- **Your task**: The answer is the data repeated in full, with no pictures included.
++++ Information supplied
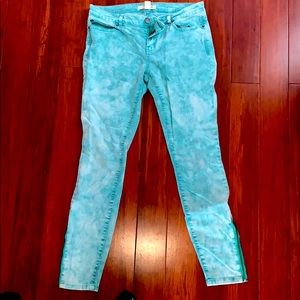 Mint Green Jeans with Zip-Up Ankles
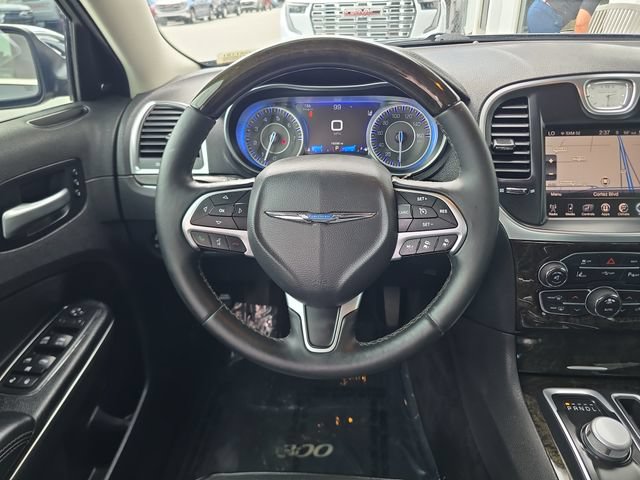 Used 2016 Chrysler 300 C w/ Safetytec Group II RWD image 12
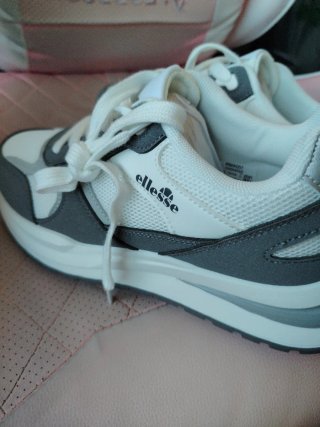 Zapatillas Ellesse grises y blancas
++++++++
- **Your solution**:
 Mint Green Jeans with Zip-Up Ankles
 Used 2016 Chrysler 300 C w/ Safetytec Group II RWD image 12
 Zapatillas Ellesse grises y blancas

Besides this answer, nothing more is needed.